--- Data provided Enclosed Below ---

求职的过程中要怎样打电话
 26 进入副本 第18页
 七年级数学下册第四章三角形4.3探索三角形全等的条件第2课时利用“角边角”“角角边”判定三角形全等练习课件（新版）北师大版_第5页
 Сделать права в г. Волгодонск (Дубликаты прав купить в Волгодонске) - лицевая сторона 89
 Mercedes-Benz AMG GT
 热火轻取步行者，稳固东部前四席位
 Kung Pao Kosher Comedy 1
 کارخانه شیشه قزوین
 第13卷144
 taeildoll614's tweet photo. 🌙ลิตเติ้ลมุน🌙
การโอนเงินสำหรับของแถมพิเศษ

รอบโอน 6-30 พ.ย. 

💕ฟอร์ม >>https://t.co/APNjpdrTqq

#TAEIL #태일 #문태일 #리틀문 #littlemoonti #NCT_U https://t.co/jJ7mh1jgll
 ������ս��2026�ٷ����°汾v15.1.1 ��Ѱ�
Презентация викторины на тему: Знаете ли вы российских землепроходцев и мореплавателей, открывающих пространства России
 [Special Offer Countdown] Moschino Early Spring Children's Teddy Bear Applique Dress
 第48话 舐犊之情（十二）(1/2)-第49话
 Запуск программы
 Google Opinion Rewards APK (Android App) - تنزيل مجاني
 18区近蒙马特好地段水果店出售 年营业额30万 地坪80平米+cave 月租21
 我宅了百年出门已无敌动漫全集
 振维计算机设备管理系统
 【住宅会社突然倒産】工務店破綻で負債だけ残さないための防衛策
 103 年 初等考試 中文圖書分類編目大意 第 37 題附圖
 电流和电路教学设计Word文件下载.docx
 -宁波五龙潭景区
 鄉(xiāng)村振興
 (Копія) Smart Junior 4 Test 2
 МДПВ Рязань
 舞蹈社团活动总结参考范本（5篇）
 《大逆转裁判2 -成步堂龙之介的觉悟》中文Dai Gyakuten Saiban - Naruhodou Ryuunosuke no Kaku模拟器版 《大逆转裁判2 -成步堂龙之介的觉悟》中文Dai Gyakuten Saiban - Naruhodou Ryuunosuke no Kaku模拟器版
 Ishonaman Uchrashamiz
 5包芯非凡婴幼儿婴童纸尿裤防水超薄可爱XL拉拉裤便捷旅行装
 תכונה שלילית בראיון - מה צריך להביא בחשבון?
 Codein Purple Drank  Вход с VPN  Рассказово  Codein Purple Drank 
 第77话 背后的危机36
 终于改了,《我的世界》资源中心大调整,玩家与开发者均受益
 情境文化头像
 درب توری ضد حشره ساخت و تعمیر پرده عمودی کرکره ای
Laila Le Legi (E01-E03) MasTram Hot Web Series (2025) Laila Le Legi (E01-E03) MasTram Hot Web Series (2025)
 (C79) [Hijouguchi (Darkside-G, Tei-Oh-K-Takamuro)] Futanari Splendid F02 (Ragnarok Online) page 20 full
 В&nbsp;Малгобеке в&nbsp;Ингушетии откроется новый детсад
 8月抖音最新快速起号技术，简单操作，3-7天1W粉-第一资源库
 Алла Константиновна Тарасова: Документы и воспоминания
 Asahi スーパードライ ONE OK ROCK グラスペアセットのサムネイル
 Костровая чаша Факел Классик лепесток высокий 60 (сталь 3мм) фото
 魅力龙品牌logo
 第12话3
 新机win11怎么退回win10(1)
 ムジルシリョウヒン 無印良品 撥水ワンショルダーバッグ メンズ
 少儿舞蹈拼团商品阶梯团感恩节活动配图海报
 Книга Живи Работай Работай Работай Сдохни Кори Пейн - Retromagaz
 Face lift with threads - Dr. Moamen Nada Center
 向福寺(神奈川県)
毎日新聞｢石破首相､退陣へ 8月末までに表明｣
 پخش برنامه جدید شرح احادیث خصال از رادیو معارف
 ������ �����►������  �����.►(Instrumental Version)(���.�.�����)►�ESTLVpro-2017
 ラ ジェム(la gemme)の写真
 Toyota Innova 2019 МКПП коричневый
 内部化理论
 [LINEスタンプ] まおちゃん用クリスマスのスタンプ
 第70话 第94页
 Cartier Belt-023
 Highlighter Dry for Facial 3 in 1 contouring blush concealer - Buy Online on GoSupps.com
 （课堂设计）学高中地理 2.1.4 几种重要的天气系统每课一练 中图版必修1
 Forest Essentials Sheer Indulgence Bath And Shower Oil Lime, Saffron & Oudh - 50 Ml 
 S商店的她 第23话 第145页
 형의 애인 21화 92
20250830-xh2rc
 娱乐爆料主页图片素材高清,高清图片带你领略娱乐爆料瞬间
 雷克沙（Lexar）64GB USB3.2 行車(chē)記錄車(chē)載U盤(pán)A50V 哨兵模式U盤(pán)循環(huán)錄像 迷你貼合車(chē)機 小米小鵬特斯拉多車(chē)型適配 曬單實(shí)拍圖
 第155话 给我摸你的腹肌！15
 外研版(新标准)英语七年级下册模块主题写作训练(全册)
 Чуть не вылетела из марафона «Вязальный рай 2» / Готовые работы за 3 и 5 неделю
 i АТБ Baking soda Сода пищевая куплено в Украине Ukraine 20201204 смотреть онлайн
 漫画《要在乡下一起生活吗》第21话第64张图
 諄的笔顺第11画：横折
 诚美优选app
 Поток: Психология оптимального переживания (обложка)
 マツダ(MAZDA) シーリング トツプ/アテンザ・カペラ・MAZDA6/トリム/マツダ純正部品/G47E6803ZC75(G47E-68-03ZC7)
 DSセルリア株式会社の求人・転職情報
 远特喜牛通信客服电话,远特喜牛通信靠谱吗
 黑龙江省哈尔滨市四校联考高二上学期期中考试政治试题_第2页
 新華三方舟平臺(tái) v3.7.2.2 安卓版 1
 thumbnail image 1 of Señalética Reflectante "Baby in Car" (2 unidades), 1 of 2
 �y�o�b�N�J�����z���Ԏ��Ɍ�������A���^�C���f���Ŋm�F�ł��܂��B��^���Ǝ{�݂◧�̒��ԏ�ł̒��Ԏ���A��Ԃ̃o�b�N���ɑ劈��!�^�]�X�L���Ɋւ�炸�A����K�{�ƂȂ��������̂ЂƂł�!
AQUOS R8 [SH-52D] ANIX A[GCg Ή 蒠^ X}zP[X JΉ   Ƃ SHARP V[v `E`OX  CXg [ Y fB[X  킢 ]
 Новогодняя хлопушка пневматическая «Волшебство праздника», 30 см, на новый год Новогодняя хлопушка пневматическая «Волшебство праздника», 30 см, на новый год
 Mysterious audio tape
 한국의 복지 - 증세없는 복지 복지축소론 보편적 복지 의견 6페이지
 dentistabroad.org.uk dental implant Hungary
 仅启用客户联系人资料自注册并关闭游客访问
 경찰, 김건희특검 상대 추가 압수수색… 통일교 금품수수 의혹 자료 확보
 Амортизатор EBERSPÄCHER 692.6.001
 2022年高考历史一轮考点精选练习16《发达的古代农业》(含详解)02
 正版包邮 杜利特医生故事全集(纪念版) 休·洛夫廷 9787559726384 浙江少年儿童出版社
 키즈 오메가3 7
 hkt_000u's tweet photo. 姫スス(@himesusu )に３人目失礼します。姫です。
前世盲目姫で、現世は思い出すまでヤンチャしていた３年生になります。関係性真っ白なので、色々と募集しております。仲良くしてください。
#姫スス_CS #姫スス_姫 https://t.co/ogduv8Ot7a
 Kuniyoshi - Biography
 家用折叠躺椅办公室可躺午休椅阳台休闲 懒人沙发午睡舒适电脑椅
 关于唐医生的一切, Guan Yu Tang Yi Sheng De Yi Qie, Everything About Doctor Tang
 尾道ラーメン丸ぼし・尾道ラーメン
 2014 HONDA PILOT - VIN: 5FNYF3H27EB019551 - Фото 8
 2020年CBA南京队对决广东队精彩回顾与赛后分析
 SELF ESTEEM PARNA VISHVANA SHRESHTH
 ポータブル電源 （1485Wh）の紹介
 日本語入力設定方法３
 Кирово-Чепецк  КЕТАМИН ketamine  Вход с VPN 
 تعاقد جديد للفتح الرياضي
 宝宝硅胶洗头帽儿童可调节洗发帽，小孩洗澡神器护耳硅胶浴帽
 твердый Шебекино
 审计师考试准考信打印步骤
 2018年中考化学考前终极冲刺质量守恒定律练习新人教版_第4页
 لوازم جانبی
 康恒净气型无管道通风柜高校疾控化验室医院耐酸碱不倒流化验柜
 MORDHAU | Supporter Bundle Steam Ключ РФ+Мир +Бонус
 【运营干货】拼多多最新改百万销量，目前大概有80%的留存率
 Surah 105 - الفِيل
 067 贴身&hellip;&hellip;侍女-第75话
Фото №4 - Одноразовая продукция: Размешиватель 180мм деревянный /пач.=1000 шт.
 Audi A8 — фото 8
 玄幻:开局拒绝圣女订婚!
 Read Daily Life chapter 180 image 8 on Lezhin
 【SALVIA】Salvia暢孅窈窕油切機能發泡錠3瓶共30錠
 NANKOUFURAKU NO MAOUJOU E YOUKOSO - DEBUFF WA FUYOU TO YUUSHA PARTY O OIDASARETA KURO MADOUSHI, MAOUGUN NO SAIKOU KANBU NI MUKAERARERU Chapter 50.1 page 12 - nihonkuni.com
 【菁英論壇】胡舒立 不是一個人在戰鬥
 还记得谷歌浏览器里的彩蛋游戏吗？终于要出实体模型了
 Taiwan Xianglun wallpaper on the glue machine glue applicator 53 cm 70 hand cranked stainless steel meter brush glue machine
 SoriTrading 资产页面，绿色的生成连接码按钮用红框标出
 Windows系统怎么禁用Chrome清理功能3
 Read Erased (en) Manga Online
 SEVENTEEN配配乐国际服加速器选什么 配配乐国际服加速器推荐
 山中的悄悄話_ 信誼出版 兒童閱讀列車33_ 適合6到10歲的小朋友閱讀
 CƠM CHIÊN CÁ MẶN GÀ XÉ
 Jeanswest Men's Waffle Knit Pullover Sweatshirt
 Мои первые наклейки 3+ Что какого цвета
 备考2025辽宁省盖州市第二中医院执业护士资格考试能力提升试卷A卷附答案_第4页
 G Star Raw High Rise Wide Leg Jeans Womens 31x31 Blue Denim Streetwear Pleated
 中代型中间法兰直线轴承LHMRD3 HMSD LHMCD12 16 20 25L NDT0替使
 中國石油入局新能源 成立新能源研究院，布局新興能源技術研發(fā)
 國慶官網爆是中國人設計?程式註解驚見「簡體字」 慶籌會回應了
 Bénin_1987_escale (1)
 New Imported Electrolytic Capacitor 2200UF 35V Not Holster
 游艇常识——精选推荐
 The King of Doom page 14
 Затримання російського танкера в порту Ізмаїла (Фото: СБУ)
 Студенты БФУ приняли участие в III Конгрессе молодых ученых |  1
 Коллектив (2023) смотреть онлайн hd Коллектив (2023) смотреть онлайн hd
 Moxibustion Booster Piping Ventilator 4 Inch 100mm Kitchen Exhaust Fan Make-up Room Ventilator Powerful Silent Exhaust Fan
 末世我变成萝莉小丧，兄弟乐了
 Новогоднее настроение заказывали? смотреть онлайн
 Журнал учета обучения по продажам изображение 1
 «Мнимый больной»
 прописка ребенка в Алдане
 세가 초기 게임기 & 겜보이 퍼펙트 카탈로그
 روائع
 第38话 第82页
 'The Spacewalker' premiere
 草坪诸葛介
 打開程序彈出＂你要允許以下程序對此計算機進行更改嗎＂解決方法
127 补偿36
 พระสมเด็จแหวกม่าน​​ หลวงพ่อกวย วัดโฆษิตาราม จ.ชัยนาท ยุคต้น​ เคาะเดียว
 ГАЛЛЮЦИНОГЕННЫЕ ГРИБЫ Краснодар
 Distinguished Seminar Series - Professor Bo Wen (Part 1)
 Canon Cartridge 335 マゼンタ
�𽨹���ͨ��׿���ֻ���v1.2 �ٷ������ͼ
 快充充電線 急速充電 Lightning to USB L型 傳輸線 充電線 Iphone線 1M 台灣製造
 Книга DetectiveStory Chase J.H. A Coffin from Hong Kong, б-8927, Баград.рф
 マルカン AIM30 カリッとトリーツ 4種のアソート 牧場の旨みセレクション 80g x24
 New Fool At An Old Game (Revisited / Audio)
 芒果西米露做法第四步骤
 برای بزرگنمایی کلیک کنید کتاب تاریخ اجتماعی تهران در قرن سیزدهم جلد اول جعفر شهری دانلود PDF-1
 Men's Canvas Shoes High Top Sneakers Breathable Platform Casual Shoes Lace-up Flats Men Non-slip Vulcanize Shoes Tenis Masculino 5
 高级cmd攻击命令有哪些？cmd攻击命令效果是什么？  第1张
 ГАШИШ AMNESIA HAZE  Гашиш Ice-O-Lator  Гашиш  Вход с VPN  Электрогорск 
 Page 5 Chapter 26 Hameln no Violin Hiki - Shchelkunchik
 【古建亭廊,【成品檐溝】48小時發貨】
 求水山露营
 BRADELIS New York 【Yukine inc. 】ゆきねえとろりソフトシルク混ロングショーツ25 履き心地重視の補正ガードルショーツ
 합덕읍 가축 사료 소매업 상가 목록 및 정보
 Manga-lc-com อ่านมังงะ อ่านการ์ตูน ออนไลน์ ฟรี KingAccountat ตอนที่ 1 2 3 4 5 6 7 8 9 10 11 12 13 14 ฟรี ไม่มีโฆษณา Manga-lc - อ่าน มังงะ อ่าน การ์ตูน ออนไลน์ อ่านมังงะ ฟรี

--- End of Enclosed Data provided ---

● Task statement
Tell how many lines of the material above hold "Книга", answering with a bare number.

● Answer for this exercise
2